About the signed angle problem: exacly I suspected that when I firstly saw its behaviour.

If I may suggest a solution, instead of inputting a new node that limits the angle before reaching Pi, which may or may not work depending on their strenghts, I would suggest instead to make the fold angle goal node to become “signless” when it reaches for the first time the input angle, may it work? maybe could be simply added a boolean switch to that node to make it behave like it does now or like I suggested.

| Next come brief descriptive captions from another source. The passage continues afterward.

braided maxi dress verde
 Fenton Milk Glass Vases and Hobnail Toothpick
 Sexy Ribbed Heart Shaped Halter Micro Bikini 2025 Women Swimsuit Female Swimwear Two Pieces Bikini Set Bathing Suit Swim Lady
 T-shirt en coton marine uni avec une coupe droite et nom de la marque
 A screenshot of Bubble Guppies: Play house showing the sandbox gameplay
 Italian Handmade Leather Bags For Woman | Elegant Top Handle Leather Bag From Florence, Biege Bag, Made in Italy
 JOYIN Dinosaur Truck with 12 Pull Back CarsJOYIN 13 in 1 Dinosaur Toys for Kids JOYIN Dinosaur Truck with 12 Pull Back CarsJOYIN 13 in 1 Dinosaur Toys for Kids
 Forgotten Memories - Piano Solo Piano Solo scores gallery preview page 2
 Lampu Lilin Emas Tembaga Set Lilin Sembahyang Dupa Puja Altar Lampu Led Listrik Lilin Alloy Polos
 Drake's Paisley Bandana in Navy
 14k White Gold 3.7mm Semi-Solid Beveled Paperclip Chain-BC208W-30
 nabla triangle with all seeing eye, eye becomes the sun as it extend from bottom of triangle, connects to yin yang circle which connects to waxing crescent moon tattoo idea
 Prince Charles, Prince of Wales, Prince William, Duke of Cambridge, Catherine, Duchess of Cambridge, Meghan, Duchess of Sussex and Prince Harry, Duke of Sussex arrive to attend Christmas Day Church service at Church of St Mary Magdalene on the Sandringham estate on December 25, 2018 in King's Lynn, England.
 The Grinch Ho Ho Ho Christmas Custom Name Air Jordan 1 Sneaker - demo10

Another solution may be to make the fold angle goal node keeping track of the number of complete rotation and instead of trasforming Pi into -Pi after one turn, it should instead add to Pi the new angle, but maybe this behaviour is much more heavi in terms of calculation time and ram used.


(Daniel Piker) #6

I do recognise that conceptually it might seem a little unsatisfactory to use a finite value, but for the anchors, you can set the strength up to the maximum allowable double in .net (around 1e300). This is many orders of magnitude greater than needed to make it stationary for all practical purposes.

Bear in mind that due to the use of finite precision calculations you will always have deviations far greater than this in any Rhino model, even from very simple constructions not involving Kangaroo.
For instance, here’s a simple comparison -
checking the length of a diagonal against what you’d expect via Pythagoras, and anchoring the ends of a cable
accuracy_comparison.gh (16.3 KB)

The simple geometric calculation has an error 10^283 times greater than the movement of the anchors.

…and about the tree structure on the output of the bouncy solver - I didn’t yet include the same data treatment as for the regular one - I’ll fix this for a future release. In the meantime you can just use the ‘Unflatten Tree’ component to reconstruct the tree from the flattened output list (using the input to GoalObjects as the Guide tree).